Records from a collection:
━━━━━━━━
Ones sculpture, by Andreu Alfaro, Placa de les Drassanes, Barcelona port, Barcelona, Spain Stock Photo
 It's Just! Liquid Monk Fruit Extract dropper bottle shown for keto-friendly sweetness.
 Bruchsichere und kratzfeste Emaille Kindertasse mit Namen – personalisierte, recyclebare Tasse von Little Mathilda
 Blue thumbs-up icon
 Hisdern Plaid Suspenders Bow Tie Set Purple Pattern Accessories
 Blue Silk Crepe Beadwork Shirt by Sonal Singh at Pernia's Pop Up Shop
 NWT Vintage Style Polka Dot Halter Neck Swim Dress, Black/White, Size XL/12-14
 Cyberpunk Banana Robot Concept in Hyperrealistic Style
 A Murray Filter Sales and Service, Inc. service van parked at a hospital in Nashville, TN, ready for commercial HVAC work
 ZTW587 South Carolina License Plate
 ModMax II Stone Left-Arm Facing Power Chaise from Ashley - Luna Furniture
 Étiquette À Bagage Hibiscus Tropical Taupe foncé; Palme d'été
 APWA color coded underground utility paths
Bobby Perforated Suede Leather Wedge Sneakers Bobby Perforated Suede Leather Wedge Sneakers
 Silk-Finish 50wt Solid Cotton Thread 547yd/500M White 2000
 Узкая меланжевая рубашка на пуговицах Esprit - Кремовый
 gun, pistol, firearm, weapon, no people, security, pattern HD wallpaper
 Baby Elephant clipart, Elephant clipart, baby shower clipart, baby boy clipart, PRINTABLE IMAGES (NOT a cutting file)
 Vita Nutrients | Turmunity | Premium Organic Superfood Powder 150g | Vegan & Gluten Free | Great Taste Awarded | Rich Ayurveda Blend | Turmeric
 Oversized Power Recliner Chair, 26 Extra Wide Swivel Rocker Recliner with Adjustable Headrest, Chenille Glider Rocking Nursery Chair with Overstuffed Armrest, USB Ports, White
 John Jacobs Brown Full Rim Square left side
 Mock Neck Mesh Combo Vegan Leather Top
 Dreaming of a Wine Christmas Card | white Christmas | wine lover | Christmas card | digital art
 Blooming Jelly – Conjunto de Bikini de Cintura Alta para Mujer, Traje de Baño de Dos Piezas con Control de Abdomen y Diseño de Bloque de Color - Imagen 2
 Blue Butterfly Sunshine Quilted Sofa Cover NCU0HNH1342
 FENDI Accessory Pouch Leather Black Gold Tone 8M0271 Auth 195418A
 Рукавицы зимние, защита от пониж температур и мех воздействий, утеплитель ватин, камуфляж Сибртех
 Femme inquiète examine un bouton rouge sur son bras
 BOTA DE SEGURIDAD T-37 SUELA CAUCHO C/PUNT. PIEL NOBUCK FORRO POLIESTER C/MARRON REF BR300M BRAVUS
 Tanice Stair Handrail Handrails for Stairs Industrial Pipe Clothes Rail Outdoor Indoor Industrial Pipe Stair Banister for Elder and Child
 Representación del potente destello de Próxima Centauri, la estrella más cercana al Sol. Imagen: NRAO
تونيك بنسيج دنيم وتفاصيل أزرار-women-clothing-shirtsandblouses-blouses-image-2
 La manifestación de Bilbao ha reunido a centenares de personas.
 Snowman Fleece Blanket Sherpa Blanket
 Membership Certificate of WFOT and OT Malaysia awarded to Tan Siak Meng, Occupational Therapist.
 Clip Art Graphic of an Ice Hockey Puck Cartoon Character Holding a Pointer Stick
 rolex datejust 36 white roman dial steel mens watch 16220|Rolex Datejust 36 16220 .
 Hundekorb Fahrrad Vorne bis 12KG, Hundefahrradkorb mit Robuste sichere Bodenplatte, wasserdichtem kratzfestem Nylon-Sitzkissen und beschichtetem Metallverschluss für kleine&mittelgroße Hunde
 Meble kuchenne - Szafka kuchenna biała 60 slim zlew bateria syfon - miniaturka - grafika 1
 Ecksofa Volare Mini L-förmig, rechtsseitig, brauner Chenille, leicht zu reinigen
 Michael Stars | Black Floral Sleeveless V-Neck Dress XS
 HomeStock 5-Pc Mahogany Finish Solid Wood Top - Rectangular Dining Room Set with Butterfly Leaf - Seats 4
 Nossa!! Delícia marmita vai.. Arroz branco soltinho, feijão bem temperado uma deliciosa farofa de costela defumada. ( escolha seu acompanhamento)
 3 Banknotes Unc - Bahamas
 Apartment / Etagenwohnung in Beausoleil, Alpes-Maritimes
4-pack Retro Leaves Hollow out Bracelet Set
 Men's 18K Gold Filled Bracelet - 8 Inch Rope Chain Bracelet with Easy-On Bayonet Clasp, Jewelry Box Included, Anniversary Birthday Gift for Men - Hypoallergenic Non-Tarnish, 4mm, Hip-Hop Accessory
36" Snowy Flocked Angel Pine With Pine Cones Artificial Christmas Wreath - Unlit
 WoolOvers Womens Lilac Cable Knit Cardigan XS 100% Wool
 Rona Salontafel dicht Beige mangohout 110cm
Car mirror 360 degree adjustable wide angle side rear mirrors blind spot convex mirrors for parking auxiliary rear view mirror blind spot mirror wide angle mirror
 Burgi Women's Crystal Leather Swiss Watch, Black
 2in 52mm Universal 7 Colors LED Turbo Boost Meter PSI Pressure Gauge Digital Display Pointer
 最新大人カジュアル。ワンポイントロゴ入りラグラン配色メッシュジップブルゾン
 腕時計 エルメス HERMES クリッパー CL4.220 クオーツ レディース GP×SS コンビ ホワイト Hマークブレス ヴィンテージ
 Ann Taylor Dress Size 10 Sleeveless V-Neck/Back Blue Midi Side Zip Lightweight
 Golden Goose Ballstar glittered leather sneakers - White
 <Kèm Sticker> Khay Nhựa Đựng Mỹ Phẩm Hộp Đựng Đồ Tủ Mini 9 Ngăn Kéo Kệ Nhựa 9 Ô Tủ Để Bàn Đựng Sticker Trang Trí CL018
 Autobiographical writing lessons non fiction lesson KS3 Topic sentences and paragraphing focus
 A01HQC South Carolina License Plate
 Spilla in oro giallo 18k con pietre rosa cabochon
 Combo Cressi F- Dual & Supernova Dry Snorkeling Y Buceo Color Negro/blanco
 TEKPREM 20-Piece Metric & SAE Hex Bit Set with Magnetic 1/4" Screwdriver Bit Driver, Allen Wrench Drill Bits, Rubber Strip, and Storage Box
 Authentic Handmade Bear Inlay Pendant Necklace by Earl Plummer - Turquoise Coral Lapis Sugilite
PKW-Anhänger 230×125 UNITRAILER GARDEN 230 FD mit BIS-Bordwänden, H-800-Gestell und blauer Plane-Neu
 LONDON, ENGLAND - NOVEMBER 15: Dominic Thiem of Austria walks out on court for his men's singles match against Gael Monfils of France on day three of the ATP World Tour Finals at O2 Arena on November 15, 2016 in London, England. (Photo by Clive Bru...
━━━━━━━━
• _TASK INSTRUCTIONS_
Once you reach the line with "Meble kuchenne - Szafka" in the data above, copy it and every line after it exactly, up to and including the line with "HomeStock 5-Pc Mahogany".

• _EXERCISE RESPONSE_
 Meble kuchenne - Szafka kuchenna biała 60 slim zlew bateria syfon - miniaturka - grafika 1
 Ecksofa Volare Mini L-förmig, rechtsseitig, brauner Chenille, leicht zu reinigen
 Michael Stars | Black Floral Sleeveless V-Neck Dress XS
 HomeStock 5-Pc Mahogany Finish Solid Wood Top - Rectangular Dining Room Set with Butterfly Leaf - Seats 4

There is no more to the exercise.